I’ve been spinning up a new project and have been trying to use xarray, but I’m remembering why I abandoned it years ago the first time I tried to use it. It’s not intuitive to teach yourself (e.g. a DataArray automatically has a variable included that’s not listed in the output, but a DataSet lists the variables by name, even if there’s only one), and the examples/resources are thin to nonexistent if your data don’t fit into nice, neat consistent grids (whether that’s because they have different spatial resolutions or different extents, projections aside here!). I’ve found a few docs/examples that mention reprojection (including rioxarray), but none actually provide much information on what’s happening/how.

Ultimately, I’m hoping to read in and stack a series of DEMs (digital elevation models). Each one has, a priori, an unknown extent (by me - so the file or metadata would have to be read/created to determine it), and though they are all 2 m resolution, the pixel centerpoints don’t necessarily match. When I bring the geotiffs into xarray (xarray.open_rasterio('path/to/DEM')), they have x, y and band coordinates/dimensions. Ultimately, I was hoping to have an xarray with time, x, and y dimensions and then a few data variables (for now just elevation, ultimately a few calculation outputs based on those elevations). The clearest workflow I can envision is to bring each geotiff in, manually add the time coordinate/dimension (and value), remove the band coordinate/dimension, and add it to a framework dataset I’ve set up. The outstanding issues are:

This feels highly inefficient, to have to modify each dataarray so I can combine them
If I understand xarray correctly, I should be able to have x and y as coordinates/dimensions, but each time would have a unique set of x and y values, so x and y would depend on time. I’d have to impose this structure on each geotiff I import in order to combine multiple dataarrays
In order to have a single set of x and y values (rather than one for each time step), I will need to resample both my x and y grids AND the raster itself to match the unified grid. Will xarray or rioxarray handle this, and how do I tell it what to do (e.g. how I want the data resampled)?
What functions should I be using for these operations to make sure that I’m not making a meaningless dataset?
Should I even be using xarray in this way? It’d be easy enough to bring in each raster by itself, do some computations, and get the results. I’d ultimately like to have a stacked/compiled dataset, but this could be done independently from the processed DEMs later.

I reached out to @dshean and @shashank on Slack, and they suggested that this isn’t the first time they’ve had this conversation. However, I’ve found little public discussion about it and what might be happening at the community/xarray level towards solutions. I’m hoping that the Pangeo community can shed some insight, because I’d really like to be able to leverage xarray!

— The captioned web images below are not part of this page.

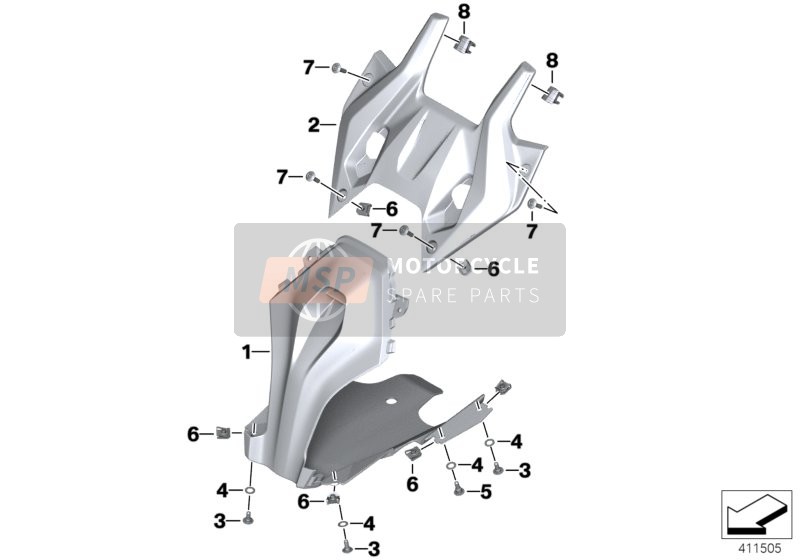 BMW R 1200 RS (0A05, 0A15) 2018 Panneau de carénage central pour un 2018 BMW R 1200 RS (0A05, 0A15)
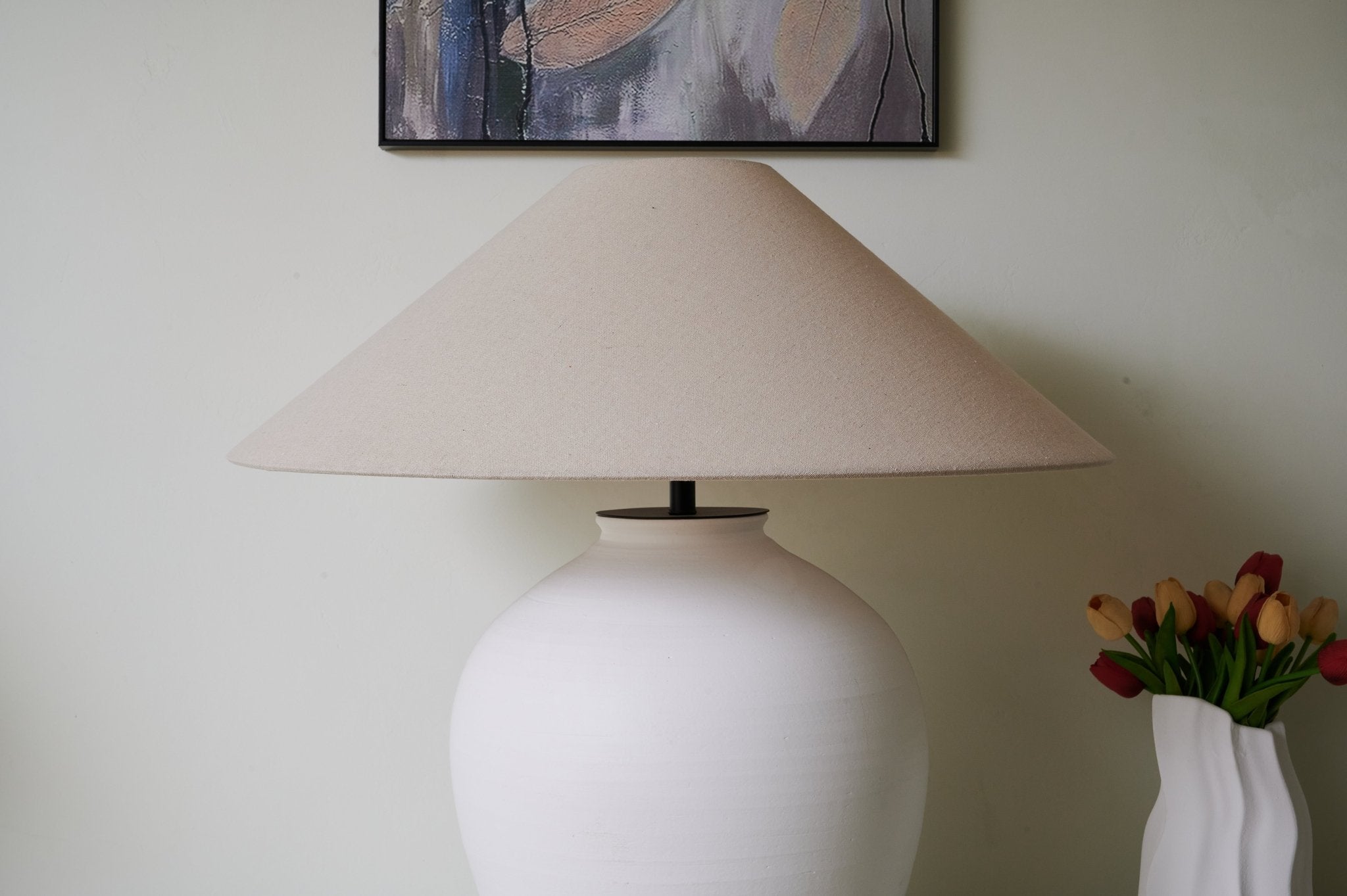 Natalie Minimalist Ceramics Table Lamp - Letslighting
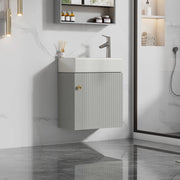 Mobile sottolavabo da bagno con 1 anta e lavabo in ceramica, per bagno piccolo, in MDF, grigio e bianco, 62 × 54 × 26 cm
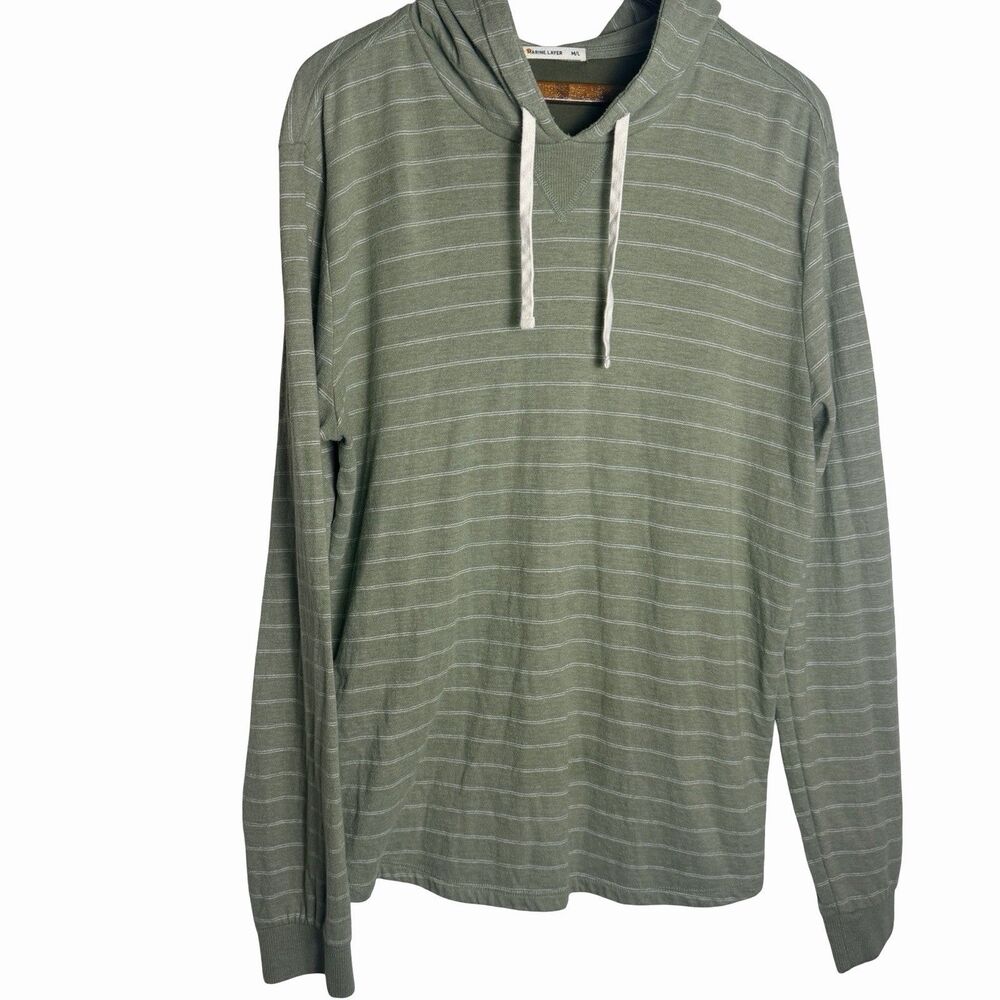 Marine Layer Hoodie Mens M/L Green Striped Pullover Casual Preppy Lightweight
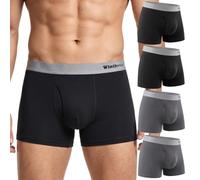 Winthome Mens Boxer Shorts Gift Box, 50S Cotton Underwear with Fly - No Binding & Non-Ride-Up, Soft Stretchy Waistband, Breathable Comfort Boxers for Everyday & Sport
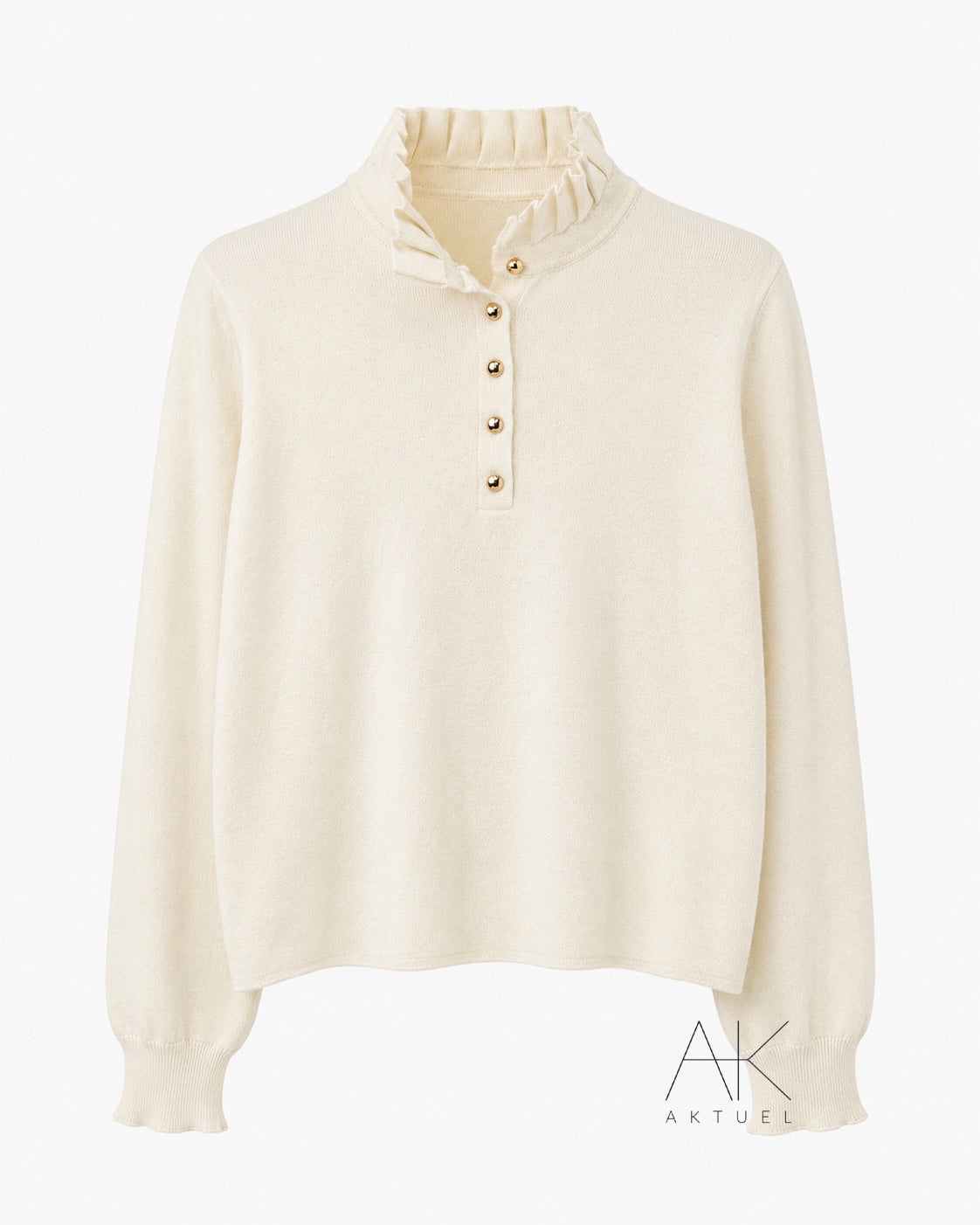 Pull col volanté écru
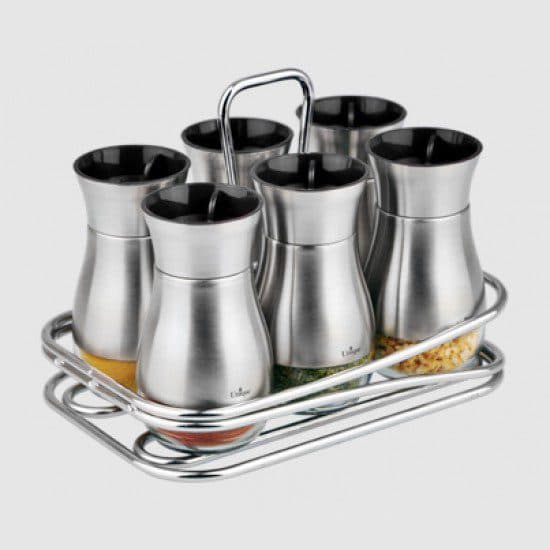 ست ادویه 7 پارچه پایه استیل قطره یونیک کد 1446 (خارجی درجه1)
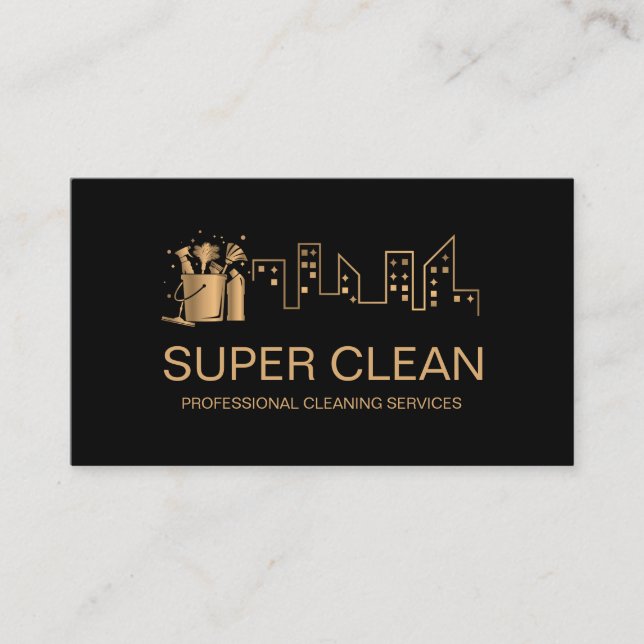 Professional Cleaning House Residential Commercial Business Card (Front)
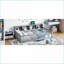 Lit plateforme simple en bois de pin de taille XL avec armoires de rangement Ports USB, gris - aucun sommier nécessaire-998059785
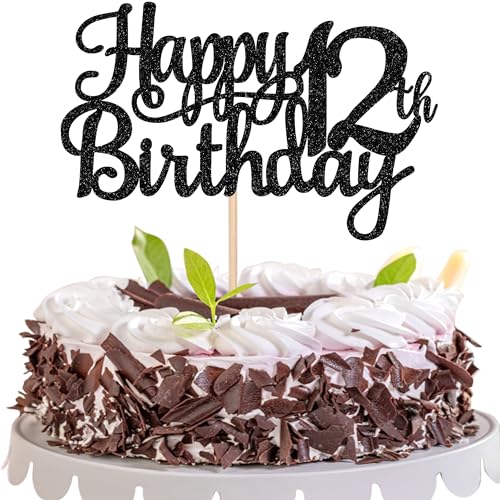 1 PCS Happy 12th Birthday Cake Topper Glitter Cheers to 12 Years Birthday Cake Pick 12 Fabulous Cake Decoration for Happy 13th Birthday Theme Party Decorations Supplies Black (Black / 12th)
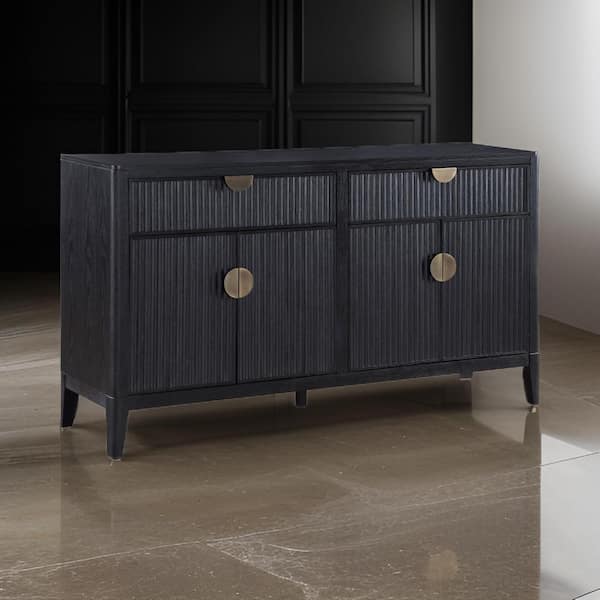 Black and Gold Wood 64.25 in. Buffet with 2 Cabinets and 2 Drawers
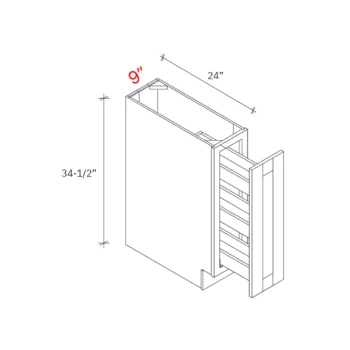 Bevel White 9" Spice Cabinet Pullout - Full Height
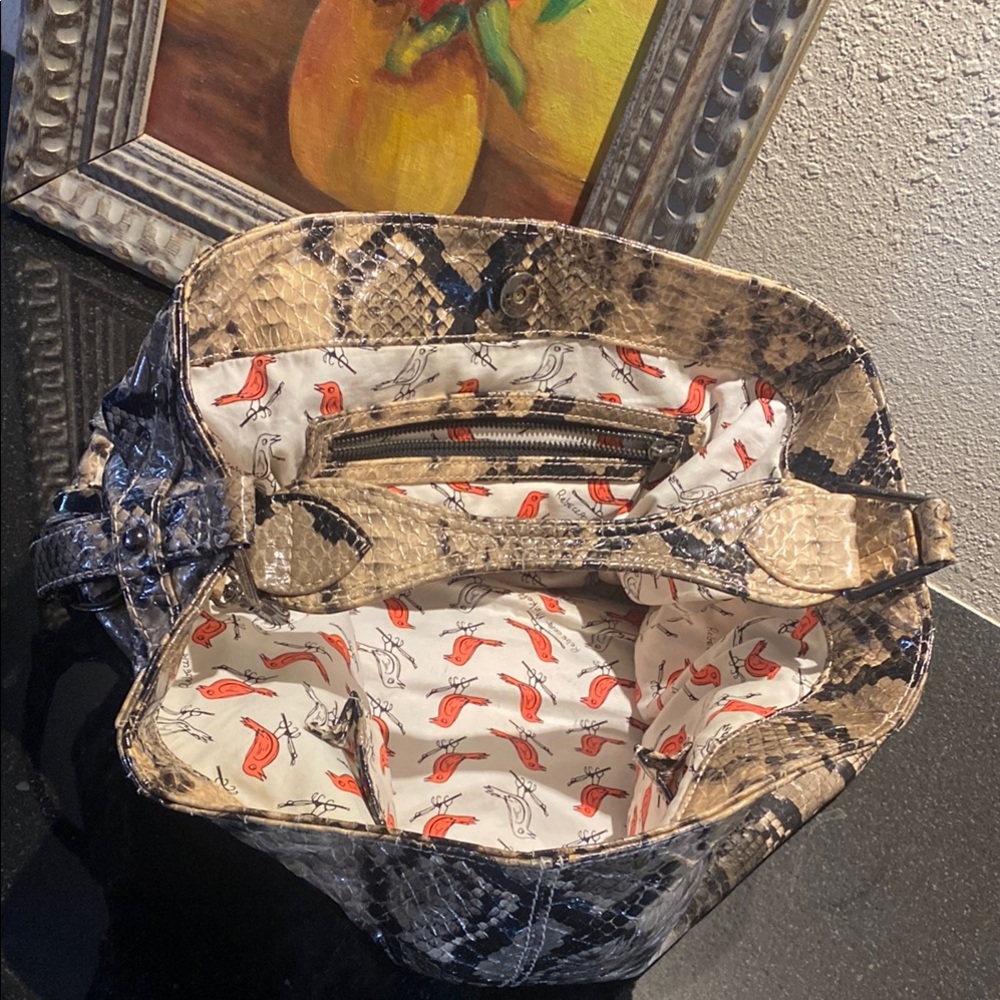 Rebecca Minkoff Beige and Black Snake-Print Hobo - Picture 5 of 13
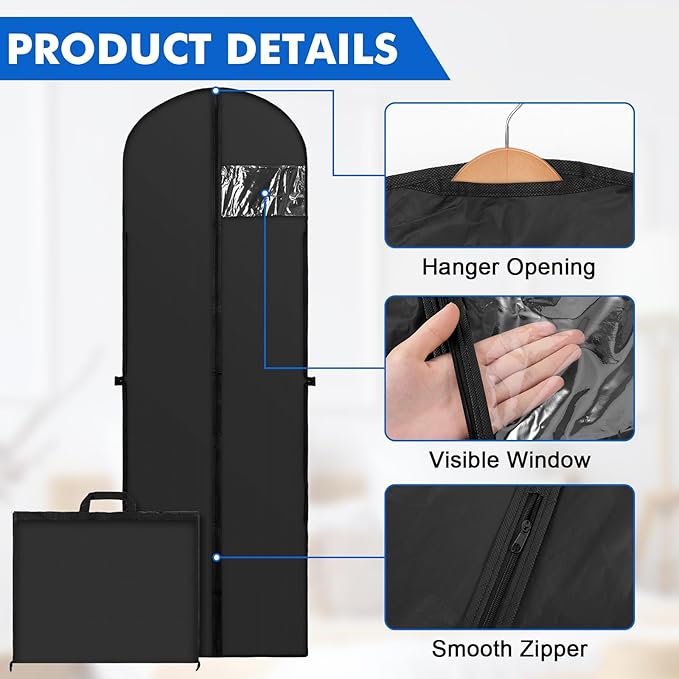 70" Long Garment Bags for Travel Dress, 2 Pack Dress Bags for Gowns, Garment Bag for Long Dress, Closet Wardrobe Bags for Gowns Tuxedos, Black
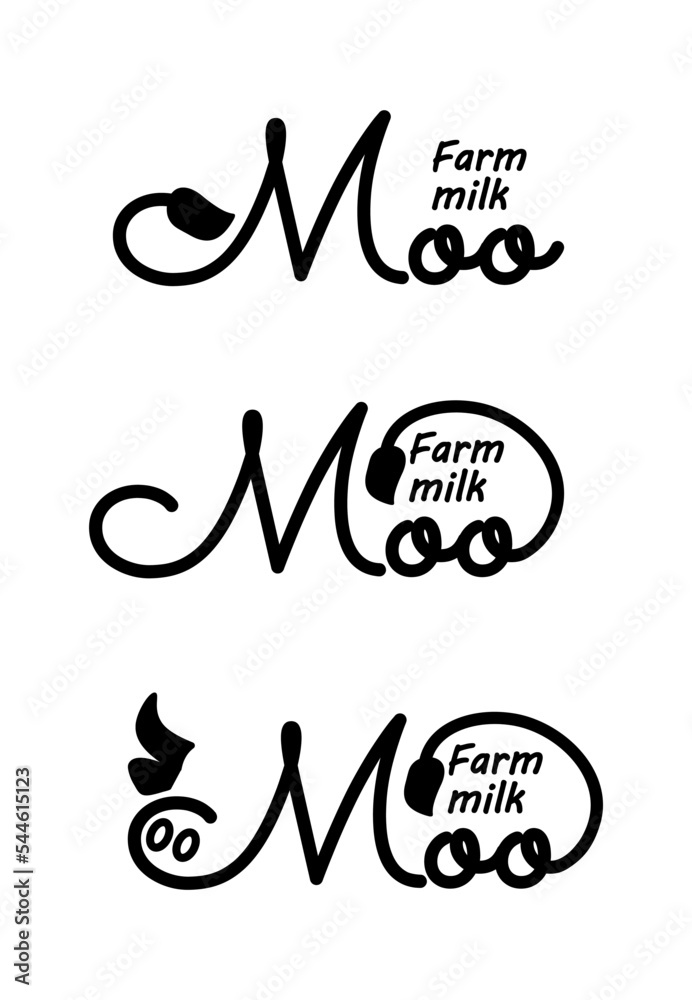 Logos for milk farm. Labels for dairy production. Milk logo set with ...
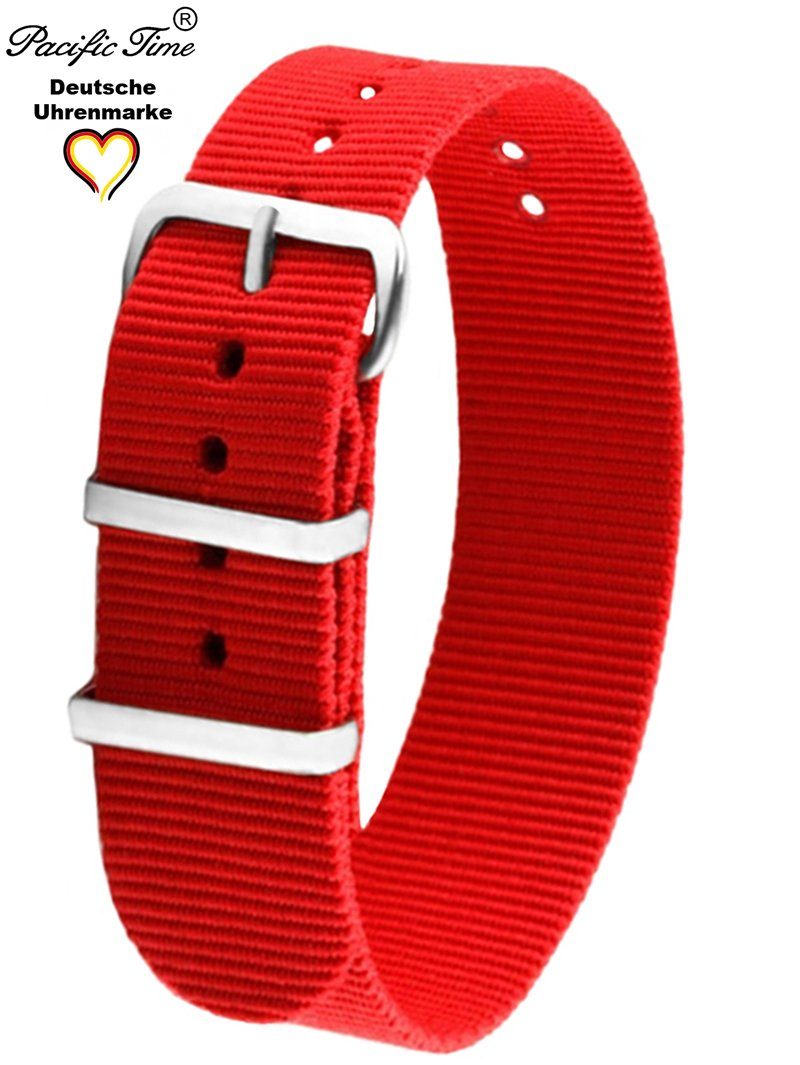 Pacific Time Uhrenarmband Wechselarmband Textil Nylon 16mm, Gratis Versand – Bild 3 von 5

scottyhq · August 31, 2020, 11:28pm

Hi @JessicaS11, I encourage you to stick with it! it is generally tricky going from a set of 2D images to a 3D cube, especially if the 2D images start out in different projections or mis-aligned grids. Fundamentally, xarray is relying on rasterio/gdal for easily opening all the myriad geospatial raster formats that exist out there, and these underlying libraries are really designed for 2D rather than 3D or ND data. Here is a relatively short and recent issue on the xarray issue tracker that provides some context https://github.com/pydata/xarray/issues/4142.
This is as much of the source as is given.